### [DESCRIPTION OF THE TASK]
Begin your copy at the line that holds "If you wanted" and carry it through the final line of the data, writing out each line exactly and omitting pictures.

### [EXCERPTED RECORDS]
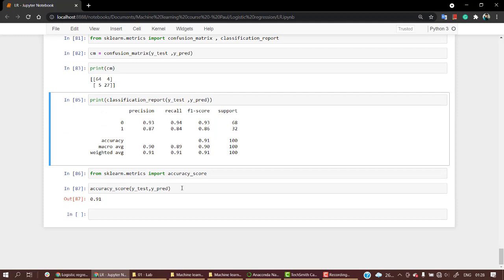Before ending this session, the next video is an optional video. If you want to take this model and predict it for a single person, you can just move into the next video or you can skip to the next section.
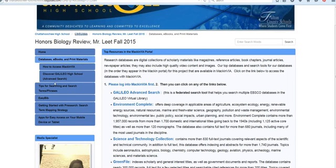Welcome to our video tutorial on finding peer-reviewed scholarly articles for Mr. Leet's Honors Biology classes.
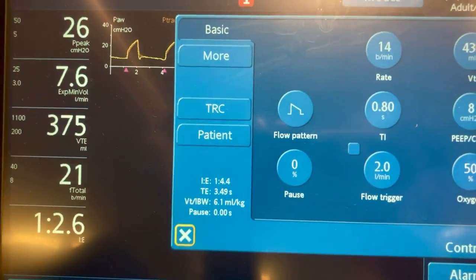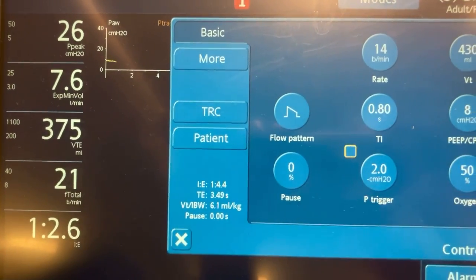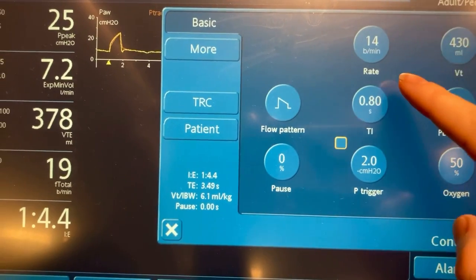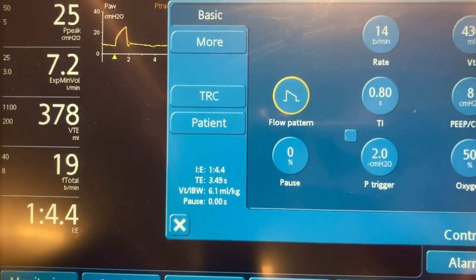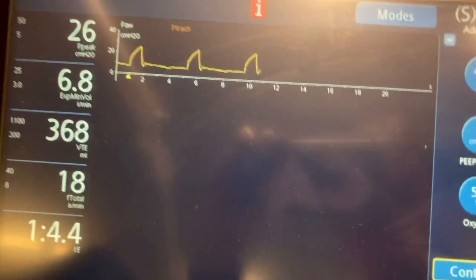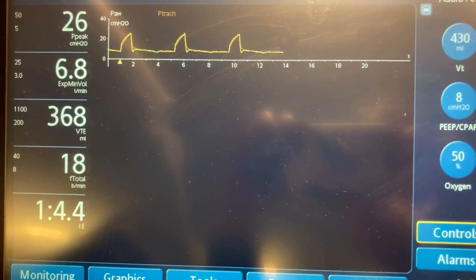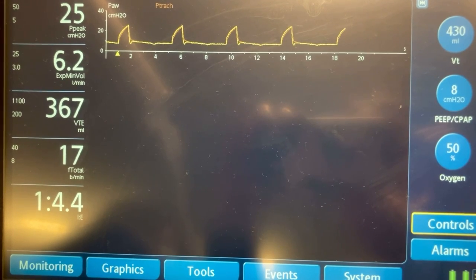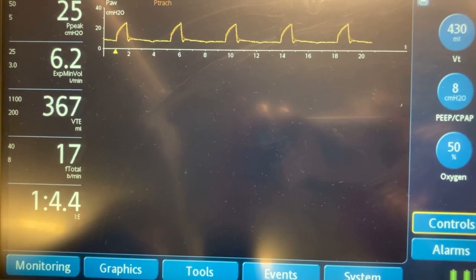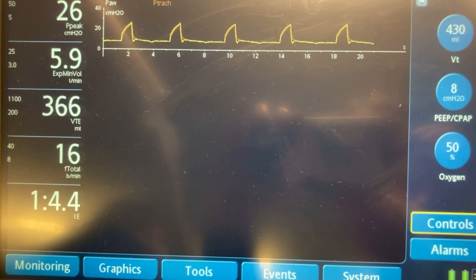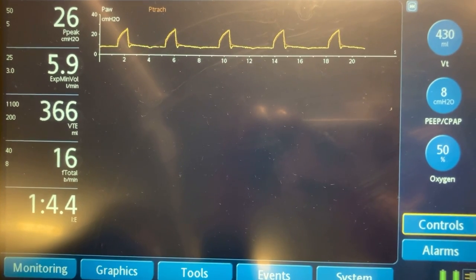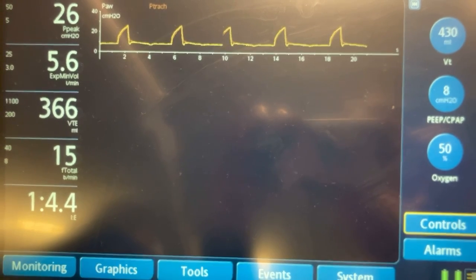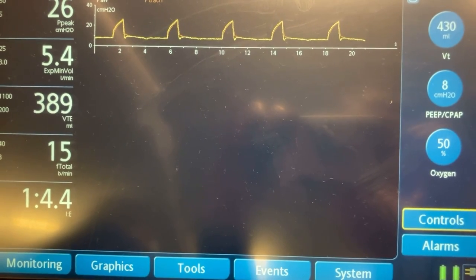To adjust for this, if I go back into the controls and change to a pressure trigger — still keeping the rate at 14 — going back into the ventilator, you can already see that there's more time between the breaths, and that the rate is dropping to actually match what we've set on the ventilator.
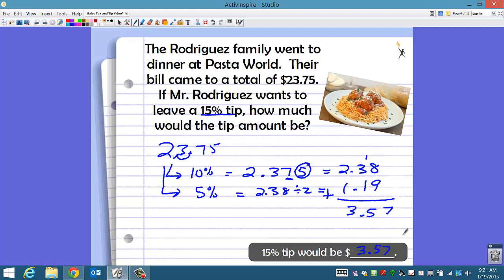If you wanted to find the total amount paid for the meal, add the $23.75 bill to the tip amount of $3.57.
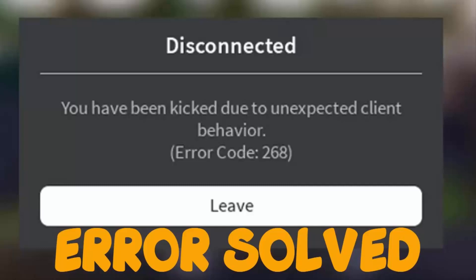How to fix you have been kicked due to unexpected client behavior error code 268 in Roblox. To fix this, just follow the steps.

### [EXERCISE RESPONSE]
If you wanted to find the total amount paid for the meal, add the $23.75 bill to the tip amount of $3.57.
How to fix you have been kicked due to unexpected client behavior error code 268 in Roblox. To fix this, just follow the steps.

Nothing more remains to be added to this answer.